§ WORK TO COMPLETE
Your answer should be a faithful copy of the entire listing.

§ DATASET CONTENT
----------------------------------------

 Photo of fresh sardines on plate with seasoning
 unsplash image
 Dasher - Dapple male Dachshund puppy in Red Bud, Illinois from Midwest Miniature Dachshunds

----------------------------------------

§ TASK RESPONSE
 Photo of fresh sardines on plate with seasoning
 unsplash image
 Dasher - Dapple male Dachshund puppy in Red Bud, Illinois from Midwest Miniature Dachshunds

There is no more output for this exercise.